Instructions for the task
Given the records below, would you repeat exactly the lines that begin at the one containing "Tourney Golf Performance" and end at the one containing "Image 1 : Lovely", inclusive?

Given data
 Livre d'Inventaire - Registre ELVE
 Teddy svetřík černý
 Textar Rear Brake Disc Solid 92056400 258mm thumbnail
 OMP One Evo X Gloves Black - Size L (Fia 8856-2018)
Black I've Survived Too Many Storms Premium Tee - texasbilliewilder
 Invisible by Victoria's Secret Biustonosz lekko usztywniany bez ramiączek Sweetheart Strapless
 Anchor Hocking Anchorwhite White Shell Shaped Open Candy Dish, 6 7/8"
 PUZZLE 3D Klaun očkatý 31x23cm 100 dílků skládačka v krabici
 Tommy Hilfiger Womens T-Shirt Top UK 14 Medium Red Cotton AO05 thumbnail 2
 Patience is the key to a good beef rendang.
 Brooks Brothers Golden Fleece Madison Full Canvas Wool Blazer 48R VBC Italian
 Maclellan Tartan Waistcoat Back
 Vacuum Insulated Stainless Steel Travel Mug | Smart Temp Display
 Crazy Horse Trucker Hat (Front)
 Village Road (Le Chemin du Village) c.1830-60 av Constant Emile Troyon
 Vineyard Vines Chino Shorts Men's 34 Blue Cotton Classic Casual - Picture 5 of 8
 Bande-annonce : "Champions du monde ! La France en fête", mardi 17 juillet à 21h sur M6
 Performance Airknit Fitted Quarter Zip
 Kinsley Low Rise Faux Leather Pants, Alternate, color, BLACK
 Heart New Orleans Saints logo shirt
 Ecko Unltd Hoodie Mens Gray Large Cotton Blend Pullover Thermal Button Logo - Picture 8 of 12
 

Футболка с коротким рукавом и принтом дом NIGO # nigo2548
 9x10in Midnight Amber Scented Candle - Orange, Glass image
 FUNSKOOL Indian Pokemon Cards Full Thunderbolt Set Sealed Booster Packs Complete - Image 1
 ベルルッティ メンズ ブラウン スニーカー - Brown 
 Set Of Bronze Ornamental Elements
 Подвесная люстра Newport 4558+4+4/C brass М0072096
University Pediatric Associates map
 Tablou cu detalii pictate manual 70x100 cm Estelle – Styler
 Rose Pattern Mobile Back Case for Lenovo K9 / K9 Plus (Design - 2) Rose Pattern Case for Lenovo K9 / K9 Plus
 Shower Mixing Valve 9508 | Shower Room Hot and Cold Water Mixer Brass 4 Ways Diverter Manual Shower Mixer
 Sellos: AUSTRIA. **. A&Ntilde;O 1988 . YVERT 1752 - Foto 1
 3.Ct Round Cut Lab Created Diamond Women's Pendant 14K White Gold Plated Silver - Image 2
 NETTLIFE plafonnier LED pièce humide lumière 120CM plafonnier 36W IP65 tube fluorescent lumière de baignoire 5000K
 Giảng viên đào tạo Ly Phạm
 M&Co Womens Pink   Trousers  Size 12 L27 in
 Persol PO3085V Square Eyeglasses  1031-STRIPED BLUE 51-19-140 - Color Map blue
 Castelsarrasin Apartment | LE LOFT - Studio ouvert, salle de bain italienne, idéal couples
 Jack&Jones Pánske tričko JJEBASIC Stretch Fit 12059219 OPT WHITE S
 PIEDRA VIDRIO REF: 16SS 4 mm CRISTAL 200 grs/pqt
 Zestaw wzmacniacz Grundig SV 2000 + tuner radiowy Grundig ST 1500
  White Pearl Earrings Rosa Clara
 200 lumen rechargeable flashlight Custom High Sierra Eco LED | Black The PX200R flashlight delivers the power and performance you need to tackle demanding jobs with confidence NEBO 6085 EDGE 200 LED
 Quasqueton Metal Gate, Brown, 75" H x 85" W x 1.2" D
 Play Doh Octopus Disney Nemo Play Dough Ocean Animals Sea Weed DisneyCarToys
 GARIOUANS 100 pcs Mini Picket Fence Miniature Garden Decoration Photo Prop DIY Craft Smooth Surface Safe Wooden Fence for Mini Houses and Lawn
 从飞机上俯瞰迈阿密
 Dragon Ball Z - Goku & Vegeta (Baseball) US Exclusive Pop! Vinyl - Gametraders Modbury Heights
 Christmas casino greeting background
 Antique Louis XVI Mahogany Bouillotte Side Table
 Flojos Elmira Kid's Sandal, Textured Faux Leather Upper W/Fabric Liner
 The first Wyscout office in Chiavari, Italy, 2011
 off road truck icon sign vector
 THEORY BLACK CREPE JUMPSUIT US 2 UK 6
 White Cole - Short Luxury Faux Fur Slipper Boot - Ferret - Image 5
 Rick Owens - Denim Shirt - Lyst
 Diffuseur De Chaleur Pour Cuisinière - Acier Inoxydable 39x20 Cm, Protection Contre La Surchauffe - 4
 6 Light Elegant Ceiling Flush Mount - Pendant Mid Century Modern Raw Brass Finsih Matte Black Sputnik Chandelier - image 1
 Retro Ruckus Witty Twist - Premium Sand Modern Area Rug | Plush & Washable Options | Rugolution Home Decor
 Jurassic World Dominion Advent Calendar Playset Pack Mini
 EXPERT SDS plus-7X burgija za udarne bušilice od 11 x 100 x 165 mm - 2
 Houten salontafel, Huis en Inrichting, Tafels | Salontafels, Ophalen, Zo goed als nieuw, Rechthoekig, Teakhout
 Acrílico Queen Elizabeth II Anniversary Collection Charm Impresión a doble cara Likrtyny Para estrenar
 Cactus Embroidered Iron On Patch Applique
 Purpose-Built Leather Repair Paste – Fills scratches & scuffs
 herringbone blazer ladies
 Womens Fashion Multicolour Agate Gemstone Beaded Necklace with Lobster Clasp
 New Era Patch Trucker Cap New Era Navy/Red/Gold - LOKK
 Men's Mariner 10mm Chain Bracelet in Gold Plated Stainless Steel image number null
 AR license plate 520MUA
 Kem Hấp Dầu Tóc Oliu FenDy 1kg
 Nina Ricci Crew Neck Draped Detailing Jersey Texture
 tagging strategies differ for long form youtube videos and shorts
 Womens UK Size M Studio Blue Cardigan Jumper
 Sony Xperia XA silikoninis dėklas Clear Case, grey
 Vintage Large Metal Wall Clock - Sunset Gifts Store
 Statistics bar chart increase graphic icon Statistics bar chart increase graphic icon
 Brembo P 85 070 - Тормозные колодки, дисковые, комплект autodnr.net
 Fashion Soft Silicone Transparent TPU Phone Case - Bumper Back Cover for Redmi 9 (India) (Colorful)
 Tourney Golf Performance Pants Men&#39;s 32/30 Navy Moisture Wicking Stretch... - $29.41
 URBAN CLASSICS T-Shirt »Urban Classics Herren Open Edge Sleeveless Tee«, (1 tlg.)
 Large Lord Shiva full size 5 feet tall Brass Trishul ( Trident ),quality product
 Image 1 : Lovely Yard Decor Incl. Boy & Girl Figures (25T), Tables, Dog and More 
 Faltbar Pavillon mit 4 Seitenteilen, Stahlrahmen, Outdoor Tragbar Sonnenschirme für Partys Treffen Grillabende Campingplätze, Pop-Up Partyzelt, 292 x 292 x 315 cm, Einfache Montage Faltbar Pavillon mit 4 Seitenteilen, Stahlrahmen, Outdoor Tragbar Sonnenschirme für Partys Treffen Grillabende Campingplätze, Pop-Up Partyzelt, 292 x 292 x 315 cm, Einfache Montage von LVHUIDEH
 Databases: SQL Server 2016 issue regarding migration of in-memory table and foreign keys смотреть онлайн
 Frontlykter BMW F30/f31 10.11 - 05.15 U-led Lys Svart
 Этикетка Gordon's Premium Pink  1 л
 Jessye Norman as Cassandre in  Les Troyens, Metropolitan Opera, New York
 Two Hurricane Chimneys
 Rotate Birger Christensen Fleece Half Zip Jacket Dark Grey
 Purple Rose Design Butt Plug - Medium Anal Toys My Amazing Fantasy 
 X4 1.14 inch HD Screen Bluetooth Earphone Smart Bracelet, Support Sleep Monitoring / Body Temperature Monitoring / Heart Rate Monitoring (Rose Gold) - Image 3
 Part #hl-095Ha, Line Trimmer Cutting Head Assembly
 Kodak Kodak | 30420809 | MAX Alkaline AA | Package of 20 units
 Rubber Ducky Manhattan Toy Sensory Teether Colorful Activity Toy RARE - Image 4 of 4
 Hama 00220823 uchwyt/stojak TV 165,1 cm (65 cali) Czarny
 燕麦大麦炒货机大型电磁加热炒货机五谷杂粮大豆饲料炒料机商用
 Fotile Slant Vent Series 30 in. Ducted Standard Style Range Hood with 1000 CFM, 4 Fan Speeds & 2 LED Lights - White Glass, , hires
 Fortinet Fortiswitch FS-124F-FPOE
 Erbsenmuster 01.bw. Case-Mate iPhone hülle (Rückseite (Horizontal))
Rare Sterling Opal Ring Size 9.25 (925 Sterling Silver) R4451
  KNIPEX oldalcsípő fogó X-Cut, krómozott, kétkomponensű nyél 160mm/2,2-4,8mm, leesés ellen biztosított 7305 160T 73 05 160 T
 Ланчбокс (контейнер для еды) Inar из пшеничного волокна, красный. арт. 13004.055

Expected answer
 Tourney Golf Performance Pants Men&#39;s 32/30 Navy Moisture Wicking Stretch... - $29.41
 URBAN CLASSICS T-Shirt »Urban Classics Herren Open Edge Sleeveless Tee«, (1 tlg.)
 Large Lord Shiva full size 5 feet tall Brass Trishul ( Trident ),quality product
 Image 1 : Lovely Yard Decor Incl. Boy & Girl Figures (25T), Tables, Dog and More 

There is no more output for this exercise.